Indudablemente, los debates públicos contribuyen al ejercicio del derecho a la información y a la reflexión antes del sufragio. Son tan importantes en un proceso electoral que el pensador Amartya Sen afirma que “la fuerza y el alcance de las elecciones dependen en gran medida de la posibilidad del debate público abierto”. El filósofo estadounidense John Rawls los llamó “el ejercicio de la razón pública”. Miles de años antes, el gran orador y político ateniense Pericles, en el año 431 a.C., sostuvo que el debate no es lo que perjudica la acción; por el contrario, lo que la daña es no dejarse instruir por la discusión antes de llevar a cabo lo que se pretende hacer. Hoy en día, la mayoría de las opiniones coinciden en que los debates enriquecen el ejercicio democrático. Pero de ahí a creer que el desempeño en un debate sea decisivo para los resultados electorales hay un salto demasiado grande.
Los académicos James Stimson, Robert Erikson y Christopher Wlezien, luego de analizar las campañas presidenciales estadounidenses del período 1952-2008, concluyeron que, exceptuando la elección presidencial de 1976 entre Jimmy Carter y Gerald Ford, ningún debate produjo un cambio sustancial en la decisión del electorado. La práctica política en el resto del mundo no contradice ese hallazgo: diversos candidatos que en su momento lideraron las intenciones de voto no aceptaron debatir con sus contrincantes. Valgan tres ejemplos latinoamericanos. El hoy presidente mexicano Andrés Manuel López Obrador se negó a participar en más debates de los que exigía la ley electoral, lo que le costó un aluvión de críticas y quedar fuera de los reflectores mediáticos en los momentos más intensos de la campaña. En 1999, se interrumpió la tradición uruguaya de debates presidenciales cuando Jorge Batlle, quien lideraba en las encuestas, se negó a debatir con Tabaré Vázquez. Las críticas fueron infinitas, pero Batlle ganó. Cinco años más tarde, Tabaré Vázquez se negó a participar en debates y terminó ganando las elecciones el 1 de marzo de 2005.
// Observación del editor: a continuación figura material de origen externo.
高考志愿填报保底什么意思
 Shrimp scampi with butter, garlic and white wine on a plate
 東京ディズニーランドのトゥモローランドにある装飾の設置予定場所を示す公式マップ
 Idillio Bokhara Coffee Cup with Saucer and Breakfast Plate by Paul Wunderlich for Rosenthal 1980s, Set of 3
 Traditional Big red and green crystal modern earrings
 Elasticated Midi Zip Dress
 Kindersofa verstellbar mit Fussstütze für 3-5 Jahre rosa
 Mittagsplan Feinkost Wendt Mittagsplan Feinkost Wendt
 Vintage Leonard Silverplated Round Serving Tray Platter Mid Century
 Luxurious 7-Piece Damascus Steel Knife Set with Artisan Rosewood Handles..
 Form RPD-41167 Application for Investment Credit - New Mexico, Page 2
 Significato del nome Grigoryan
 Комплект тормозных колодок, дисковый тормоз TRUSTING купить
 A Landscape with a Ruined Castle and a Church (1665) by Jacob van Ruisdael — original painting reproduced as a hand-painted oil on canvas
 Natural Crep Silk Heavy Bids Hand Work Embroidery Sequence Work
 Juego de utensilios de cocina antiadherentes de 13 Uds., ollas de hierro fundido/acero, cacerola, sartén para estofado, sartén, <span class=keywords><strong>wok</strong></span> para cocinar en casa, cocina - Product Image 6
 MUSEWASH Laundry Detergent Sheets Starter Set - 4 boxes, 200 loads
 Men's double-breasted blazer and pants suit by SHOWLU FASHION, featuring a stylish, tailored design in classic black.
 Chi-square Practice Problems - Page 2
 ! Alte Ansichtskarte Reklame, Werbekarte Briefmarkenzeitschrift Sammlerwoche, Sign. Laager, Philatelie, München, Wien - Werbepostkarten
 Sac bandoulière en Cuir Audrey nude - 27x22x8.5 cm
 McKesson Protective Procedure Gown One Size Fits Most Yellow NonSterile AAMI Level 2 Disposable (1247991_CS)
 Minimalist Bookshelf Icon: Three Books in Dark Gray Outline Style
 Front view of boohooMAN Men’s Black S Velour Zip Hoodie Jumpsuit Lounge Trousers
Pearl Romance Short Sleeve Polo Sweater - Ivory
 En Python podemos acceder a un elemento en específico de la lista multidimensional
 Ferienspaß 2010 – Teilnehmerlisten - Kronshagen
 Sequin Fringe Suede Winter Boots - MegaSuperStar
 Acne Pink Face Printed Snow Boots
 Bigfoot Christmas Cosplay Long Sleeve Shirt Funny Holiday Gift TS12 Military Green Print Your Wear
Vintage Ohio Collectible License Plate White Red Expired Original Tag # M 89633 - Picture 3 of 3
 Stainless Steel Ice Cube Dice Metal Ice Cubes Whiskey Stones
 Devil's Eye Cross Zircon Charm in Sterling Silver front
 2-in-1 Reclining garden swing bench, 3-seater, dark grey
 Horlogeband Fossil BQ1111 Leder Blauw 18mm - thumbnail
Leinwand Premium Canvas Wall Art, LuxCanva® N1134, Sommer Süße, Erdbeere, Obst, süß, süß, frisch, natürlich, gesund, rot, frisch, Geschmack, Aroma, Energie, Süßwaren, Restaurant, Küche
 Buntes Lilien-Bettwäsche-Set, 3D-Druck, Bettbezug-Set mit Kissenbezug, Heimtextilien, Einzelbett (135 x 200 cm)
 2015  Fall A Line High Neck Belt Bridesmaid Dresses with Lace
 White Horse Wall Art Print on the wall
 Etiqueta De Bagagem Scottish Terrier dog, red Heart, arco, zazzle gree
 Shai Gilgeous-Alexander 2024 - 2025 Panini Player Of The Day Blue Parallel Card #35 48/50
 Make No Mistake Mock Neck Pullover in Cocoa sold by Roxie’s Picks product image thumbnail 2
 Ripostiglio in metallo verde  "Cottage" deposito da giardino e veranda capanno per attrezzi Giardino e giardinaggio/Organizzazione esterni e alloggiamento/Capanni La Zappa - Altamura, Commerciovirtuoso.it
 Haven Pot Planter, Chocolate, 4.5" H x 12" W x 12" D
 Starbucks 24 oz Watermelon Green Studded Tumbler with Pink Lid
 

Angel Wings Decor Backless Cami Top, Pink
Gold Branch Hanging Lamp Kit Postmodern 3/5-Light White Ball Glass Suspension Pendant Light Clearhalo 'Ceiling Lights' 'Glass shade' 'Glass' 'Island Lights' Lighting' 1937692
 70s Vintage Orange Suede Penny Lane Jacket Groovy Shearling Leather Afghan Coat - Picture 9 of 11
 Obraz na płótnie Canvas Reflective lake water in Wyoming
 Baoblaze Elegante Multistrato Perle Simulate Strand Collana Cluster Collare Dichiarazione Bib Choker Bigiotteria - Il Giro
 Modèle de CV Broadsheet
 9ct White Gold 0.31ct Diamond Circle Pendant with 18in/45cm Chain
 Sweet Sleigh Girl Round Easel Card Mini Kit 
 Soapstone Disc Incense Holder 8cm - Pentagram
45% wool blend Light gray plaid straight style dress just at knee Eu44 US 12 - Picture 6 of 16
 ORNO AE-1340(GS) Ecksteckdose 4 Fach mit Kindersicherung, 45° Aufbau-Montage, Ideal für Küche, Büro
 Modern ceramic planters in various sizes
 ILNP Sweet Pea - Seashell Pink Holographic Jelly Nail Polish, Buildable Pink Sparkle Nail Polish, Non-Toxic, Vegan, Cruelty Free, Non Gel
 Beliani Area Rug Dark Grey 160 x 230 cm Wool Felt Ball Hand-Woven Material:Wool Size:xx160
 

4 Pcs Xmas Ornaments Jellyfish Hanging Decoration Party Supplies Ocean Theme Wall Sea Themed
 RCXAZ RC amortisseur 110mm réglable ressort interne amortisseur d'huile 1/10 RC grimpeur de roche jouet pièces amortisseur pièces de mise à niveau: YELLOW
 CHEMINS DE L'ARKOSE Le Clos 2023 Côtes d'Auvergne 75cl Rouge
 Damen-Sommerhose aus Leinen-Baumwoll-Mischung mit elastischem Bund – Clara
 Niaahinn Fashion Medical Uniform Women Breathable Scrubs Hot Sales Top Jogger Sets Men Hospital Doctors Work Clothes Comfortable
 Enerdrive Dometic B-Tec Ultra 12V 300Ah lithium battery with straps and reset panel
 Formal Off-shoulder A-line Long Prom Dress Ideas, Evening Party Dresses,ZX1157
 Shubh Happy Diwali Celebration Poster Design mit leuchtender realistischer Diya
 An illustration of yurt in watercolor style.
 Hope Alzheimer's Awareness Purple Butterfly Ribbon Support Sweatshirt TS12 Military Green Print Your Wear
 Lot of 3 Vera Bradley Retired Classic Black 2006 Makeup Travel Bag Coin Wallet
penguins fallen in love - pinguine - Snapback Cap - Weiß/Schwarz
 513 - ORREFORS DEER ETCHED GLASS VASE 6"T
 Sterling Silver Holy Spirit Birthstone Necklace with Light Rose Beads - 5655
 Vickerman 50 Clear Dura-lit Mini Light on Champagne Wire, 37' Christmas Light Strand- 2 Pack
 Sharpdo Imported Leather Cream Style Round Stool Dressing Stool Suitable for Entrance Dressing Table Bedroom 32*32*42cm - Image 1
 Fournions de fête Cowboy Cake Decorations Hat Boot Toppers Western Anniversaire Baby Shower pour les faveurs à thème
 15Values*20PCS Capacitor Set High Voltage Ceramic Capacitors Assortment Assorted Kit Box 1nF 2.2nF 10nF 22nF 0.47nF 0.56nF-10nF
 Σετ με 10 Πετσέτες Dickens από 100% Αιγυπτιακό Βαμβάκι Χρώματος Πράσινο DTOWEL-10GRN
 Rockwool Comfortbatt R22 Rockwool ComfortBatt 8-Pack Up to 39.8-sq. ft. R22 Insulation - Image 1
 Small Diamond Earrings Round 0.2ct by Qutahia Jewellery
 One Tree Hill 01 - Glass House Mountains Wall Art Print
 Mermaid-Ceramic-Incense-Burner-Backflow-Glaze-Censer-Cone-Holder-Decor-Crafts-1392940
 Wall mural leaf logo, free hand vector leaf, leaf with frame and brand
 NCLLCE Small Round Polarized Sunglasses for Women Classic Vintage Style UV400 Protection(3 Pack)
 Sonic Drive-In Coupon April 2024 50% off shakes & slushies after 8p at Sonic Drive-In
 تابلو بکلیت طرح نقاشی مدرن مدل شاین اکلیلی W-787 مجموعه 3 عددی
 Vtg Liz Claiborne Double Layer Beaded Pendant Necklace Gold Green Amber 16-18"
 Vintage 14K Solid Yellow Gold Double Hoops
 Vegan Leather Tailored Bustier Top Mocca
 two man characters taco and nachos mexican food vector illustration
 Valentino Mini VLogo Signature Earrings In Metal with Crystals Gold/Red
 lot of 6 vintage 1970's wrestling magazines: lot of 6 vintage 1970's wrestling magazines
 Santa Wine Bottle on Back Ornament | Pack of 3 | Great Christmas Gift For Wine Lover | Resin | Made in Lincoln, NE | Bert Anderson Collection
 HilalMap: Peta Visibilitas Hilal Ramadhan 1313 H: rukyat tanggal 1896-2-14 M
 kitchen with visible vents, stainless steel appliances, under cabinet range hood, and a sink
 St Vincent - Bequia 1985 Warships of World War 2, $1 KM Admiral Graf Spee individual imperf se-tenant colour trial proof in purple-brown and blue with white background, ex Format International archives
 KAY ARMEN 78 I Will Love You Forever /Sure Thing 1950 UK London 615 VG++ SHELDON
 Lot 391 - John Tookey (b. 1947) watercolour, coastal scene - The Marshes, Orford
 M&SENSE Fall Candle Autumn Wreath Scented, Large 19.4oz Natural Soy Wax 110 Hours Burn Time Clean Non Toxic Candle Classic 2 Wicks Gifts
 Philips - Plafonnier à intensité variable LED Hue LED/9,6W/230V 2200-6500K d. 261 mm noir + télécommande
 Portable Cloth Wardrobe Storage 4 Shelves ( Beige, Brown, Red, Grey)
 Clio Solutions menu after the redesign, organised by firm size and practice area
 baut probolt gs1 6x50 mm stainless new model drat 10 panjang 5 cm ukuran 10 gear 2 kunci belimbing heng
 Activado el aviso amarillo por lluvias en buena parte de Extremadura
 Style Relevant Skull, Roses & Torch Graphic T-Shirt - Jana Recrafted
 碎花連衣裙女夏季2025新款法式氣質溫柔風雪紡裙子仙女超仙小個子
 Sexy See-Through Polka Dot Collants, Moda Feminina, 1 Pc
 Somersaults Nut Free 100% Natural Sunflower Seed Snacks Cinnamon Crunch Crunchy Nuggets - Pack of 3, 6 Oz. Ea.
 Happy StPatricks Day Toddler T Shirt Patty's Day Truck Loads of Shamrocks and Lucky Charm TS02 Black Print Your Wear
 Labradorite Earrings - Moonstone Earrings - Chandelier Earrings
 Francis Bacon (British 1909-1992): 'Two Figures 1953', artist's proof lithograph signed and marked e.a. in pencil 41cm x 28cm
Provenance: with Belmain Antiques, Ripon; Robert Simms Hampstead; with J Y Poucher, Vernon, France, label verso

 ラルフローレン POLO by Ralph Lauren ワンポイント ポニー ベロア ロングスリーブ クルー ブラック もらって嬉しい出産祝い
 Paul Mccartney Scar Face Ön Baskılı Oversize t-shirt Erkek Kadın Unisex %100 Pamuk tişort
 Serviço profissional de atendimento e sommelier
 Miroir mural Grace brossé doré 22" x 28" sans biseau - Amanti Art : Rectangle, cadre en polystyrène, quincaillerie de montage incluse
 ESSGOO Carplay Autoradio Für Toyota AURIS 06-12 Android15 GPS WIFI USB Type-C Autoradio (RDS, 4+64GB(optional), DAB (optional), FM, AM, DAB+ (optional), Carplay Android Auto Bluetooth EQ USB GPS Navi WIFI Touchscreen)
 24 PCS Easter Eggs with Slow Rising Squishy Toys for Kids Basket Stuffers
Sí, los debates públicos son importantes, pero no porque puedan cambiar los resultados de una elección ni porque sean una forma de legitimarlas, sino porque abonan a la transparencia y a los procesos ciudadanos de reflexión y decisión, cuestiones clave para el fortalecimiento de la democracia. En este sentido, de cara a su desempeño en las urnas, un candidato no tendría nada que temer tanto si decide participar en un debate público como si se abstiene de hacerlo. Más bien, lo que mostraría dicha decisión es cuánto importa para él el intercambio de ideas, el diálogo.